Helen Kalvak (1901-1984);
Artistic Community: Holman Island, Northwest Territories, Canada.
Helen Kalvak was born in 1901 in a camp on the shores of Tahiryuak Lake on Victoria Island. She was the only surviving child of Inoqtamik and Halukhit, who taught her traditional legends and hunting skills. Her father began training her as an angatkok, or shaman; eventually, she was respected not only as an angatkok but also as an atotainaktok, a person with supernatural powers that came from both spirit helpers and magic songs. She was one of very few women to have traditional tattoos on her face and hands. She married Manayok, a hunter from eastern Victoria Island, and both were celebrated as singers. In 1960, Manayok passed away and Kalvak moved into the community of Ulukhaktok.

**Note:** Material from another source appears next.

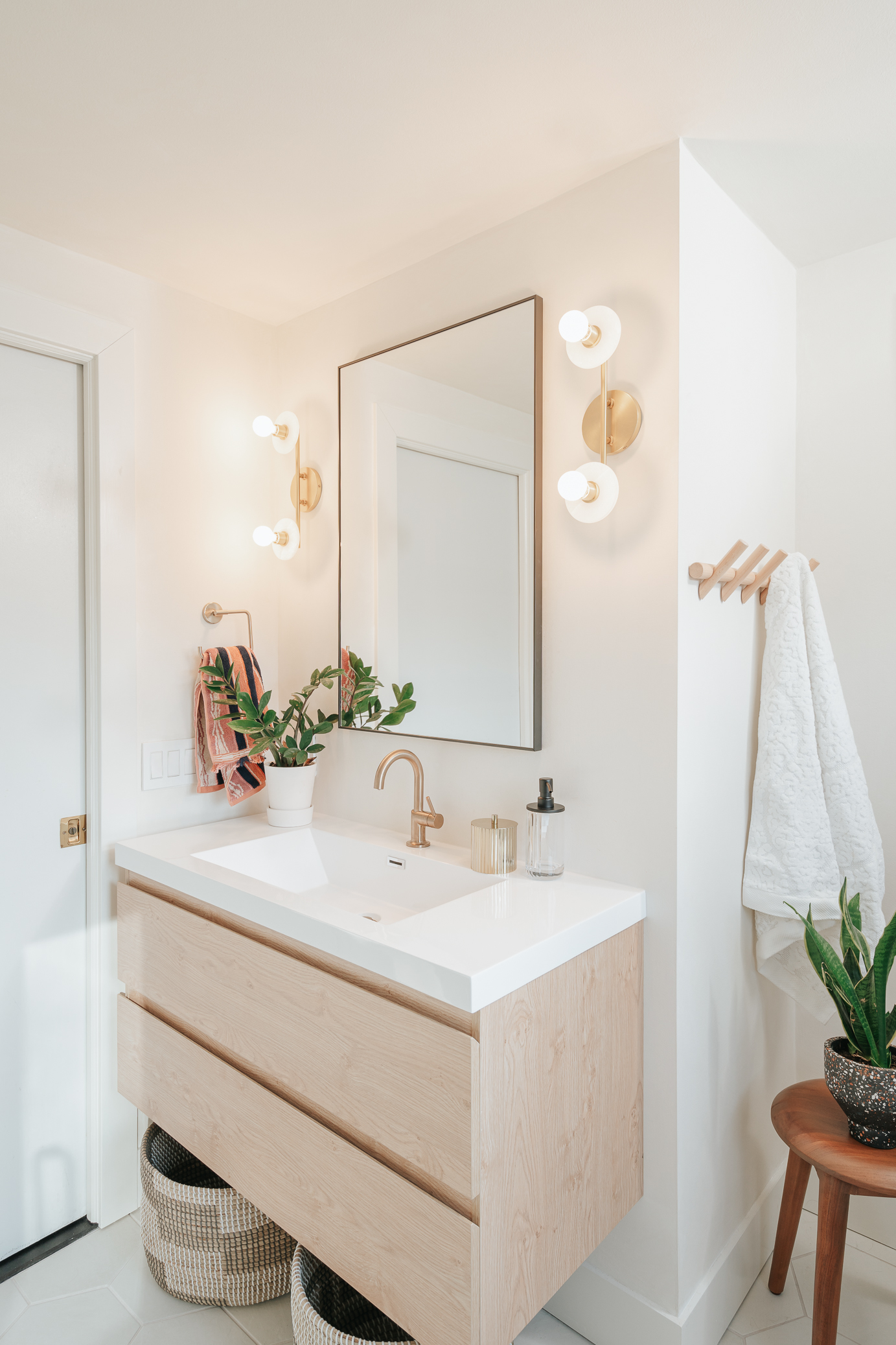 Image of a wall mounted vanity to optimize a small bathroom remodel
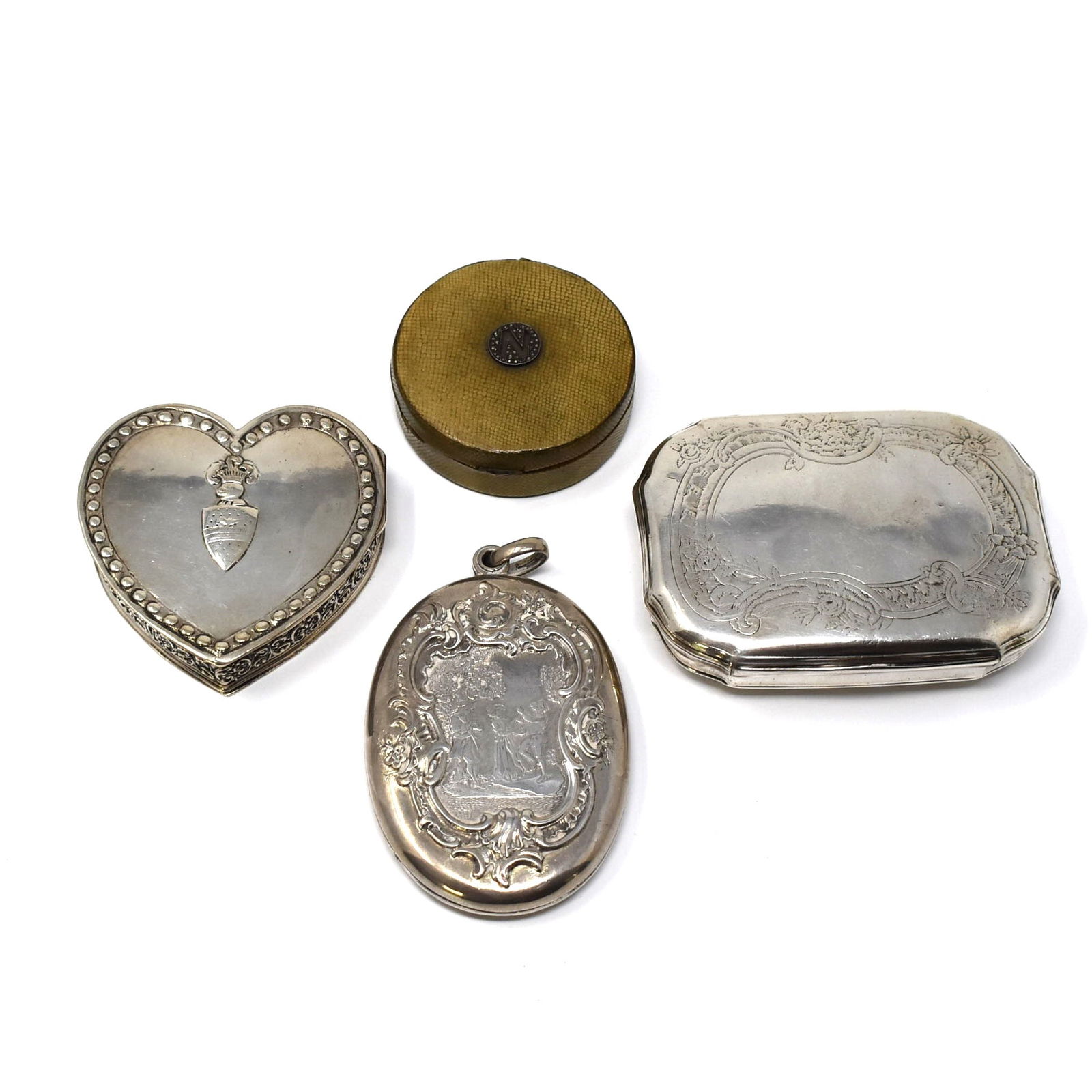 Grouping of silver boxes, a pendant and a shagreen box: A miscellaneous grouping including a heart shaped hinged silver pill box ( with Dutch silver hallmarks? 2 1/2" x 2 1/2" or 6.3cm x 6.3cm, weight: 50.82g), a rectangular continental silver hinged box (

Father Henri Tardy encouraged her to draw after watching her sketch of some clothing before she made it, which was unusual. She produced more than 1,800 drawings between 1962 and 1978, 154 of which were made into prints between 1965 and 1985. Her graphic works tend to focus on themes of traditional life in the western Arctic in surprising detail. Her keen eye recorded everything from the design of traditional skin clothing to the minutiae of insects that live in the local water, all of which are represented in this collection. She was inducted into the Royal Canadian Academy in 1975 and into the Order of Canada in 1978.